On 05/03/2019 16:11, Benjamin Gabriel wrote:
Message Body (2 of 2)
[... continued ..]
Dear Wayne
> ...
Yours sincerely,
Benjamin Gabriel
General Counsel
DarkMatter Group
As an outside member of this community (not employed by Mozilla or any
public CA), I would like to state the following (which is not official
by my company affiliation and cannot possibly be official on behalf of
Mozilla):
1. First of all, thank you for finally directly posting Darkmatter's
response to the public allegations. Many people seemingly
inexperienced in security and policy have posted rumors and opinions
to the discussion, while others have mentioned that Darkmatter had
made some kind of response outside this public discussion thread.

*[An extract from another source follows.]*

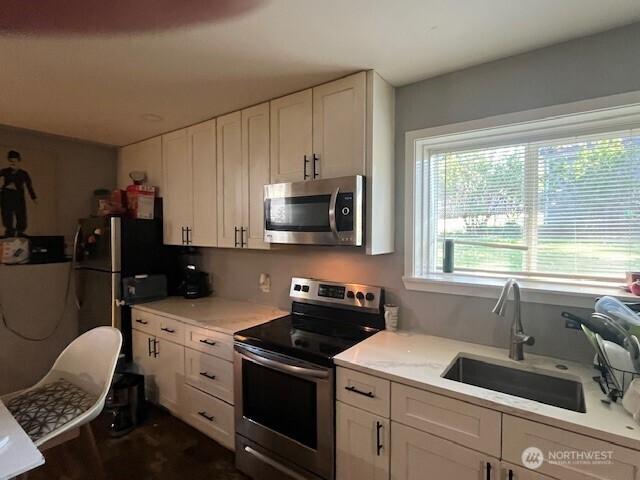 kitchen featuring a sink, white cabinetry, and stainless steel appliances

2. It is the nature of every government CA or government sponsored CA
in the world that the current structure of the Mozilla program can
be easily abused in the manner speculated, and that any such abuse
would not be admitted, but rather hidden with the full skill and
efficiency of whatever spy agency orders such abuse. One of the
most notorious such cases occurred when a private company running a
CA for the Dutch Government had a massive security failure, allowing
someone to obtain MitM certificates for use against certain Iranian
people.
I have previously proposed a technical countermeasure to limit this
risk, but it didn't seem popular.
3. The chosen name of your CA "Dark matter" unfortunately is
associated in most English language contexts with either an obscure
astronomical phenomenon or as a general term for any sinister and
evil topic. This unfortunate choice of name may have helped spread
and enhance the public rumor that you are an organization similar
to the US NSA or its contractors. After all, "Dark matter is evil"
is a headline more likely to sell newspapers than "UAE company with a
very boring name helped UAE government attack someone". However I
understand that as a long established company, it is probably too late
to change your name.
4. The United States itself has been operating a government CA (The
federal bridge CA) for a long time, and Mozilla doesn't trust it.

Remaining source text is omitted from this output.